GORDO
by Jaime Cortez
Grove Press, Black Cat. 208 pages, $16.
JAIME CORTEZ is a beloved Bay Area artist known for the whimsy and satirical edge in his drawings, graphic novels, sculpture, poetry, and performance. A gentle, uncompromising fierceness emanates from his work as he explores Chicano queerness. The artist also works in philanthropy as a program officer for a foundation. He grew up in California’s Central Valley, and his new collection of short stories, Gordo, is set in this region’s agricultural worker camps in the 1970s. These are not fictionalized narratives of hardscrabble destitution but ebullient tales about the chubby, effeminate Gordo and his friends. The joyous humanity of Cortez’ characters challenges the familiar tropes of migrant workers, as the children play and scuffle together and join their parents in the garlic fields.
The stories often feature Gordo—a “sissy boy” coming to terms with his otherness. One hilarious chapter details his father bringing home a wrestling outfit with a punching bag and jumprope to toughen him up. Gordo loves the glittering mask and slippers and is thrilled to sing and skip—all to his father’s dismay. In another story, Gordo is invited into the Saturday night men’s ritual of listening to ranchera music and drinking by a campfire. The boy prefers being on the outside of the circle, wanting to remain invisible. The men are funny, tender, scary, and increasingly animated as they drink. Gordo’s wish: “With them, maybe I can learn how to be a normal boy, a real boy, instead of me.”

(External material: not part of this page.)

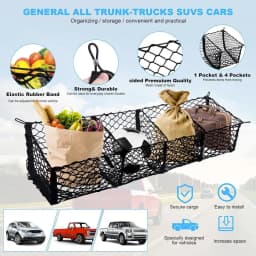 Cargo Net Trunk Bed Organizer,Mesh Storage Net with 4 Metal Hooks, Heavy Duty Cargo Net for SUV,Car,Pickup Truck Bed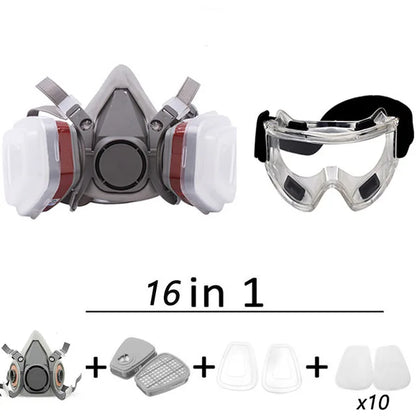 7-in-1/16-in-1 Dust & Gas Respirator Mask | Half-Face for Painting & Chemical Protection Option-16in1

There is generosity in sharing meager resources whenever a new family arrives on foot, hoping to find work. Chicanos and undocumented “beaners” work together and support each other, but Gordo and his friends are terrorized by midday raids by Immigration and Naturalization agents. People disappear, never to return, leaving their belongings behind. Weddings and funerals are celebrated with much gusto. Handsome grooms in their “long-sleeve collared shirts” and “slacks, worn tight as a tourniquet” stir Gordo’s burgeoning desire. Back home in Mexico, visiting his Nana, he touches a corpse for the first time and prays the rosary with her before jumping into his parents’ car for the meandering processional circling the soccer stadium and stopping off at the jail on the way to the cemetery.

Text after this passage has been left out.